Crudites with mediterranean relish
1 Servings
Quantity | Ingredient | |
---|---|---|
2 | teaspoons | Olive oil |
1 | cup | Finely chopped onion |
1 | tablespoon | Chopped garlic |
1 | cup | Canned crushed tomatoes with added puree |
1 | teaspoon | Fresh lemon juice |
¼ | cup | Coarsely chopped drained oil-packed sun-dried tomatoes |
¼ | cup | Pitted green olives; (about 10) |
¼ | cup | (packed) fresh basil leaves |
4 | larges | Drained canned artichoke hearts |
2 | tablespoons | Chopped fresh parsley |
2 | tablespoons | Toasted pine nuts |
\N | \N | Assorted vegetables |
This relish is best at room temperature. Note that the nutritional numbers following the recipe are for the relish only.

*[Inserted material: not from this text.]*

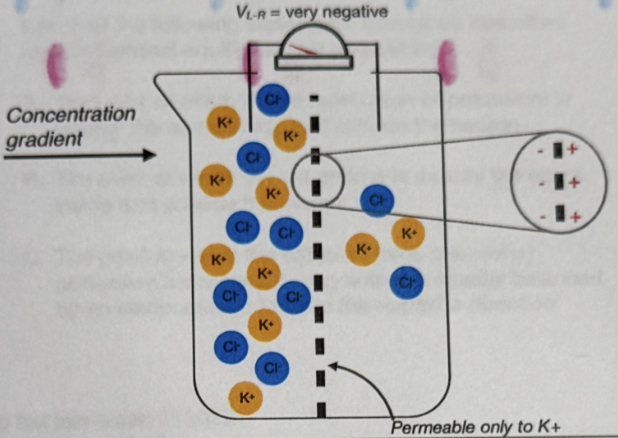 <p>Now if the divide had holes permeable only to potassium ions (K+). This would cause K+ ions to move down their concentration gradient causing some K+ ions on left side to move to right side. So then we have more negative charge on left side since more K+ ions moved to right. </p>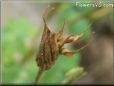columbine flower seed pod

Heat oil in medium nonstick skillet over medium heat. Add onion and sauté until just beginning to soften, about 3 minutes. Add garlic; sauté 30 seconds. Stir in canned tomatoes and lemon juice. Bring to simmer. Remove from heat.
Combine sun-dried tomatoes and next 5 ingredients in processor. Using on/off turns, process until vegetables are finely chopped. Transfer to medium bowl. Stir in tomato mixture. Season with salt and pepper. (Can be made 1 day ahead. Cover and chill.) Serve with vegetables.
Serves 6.
Per Serving: calories, 70; total fat, 4g; saturated fat, 1g; cholesterol, 0mg.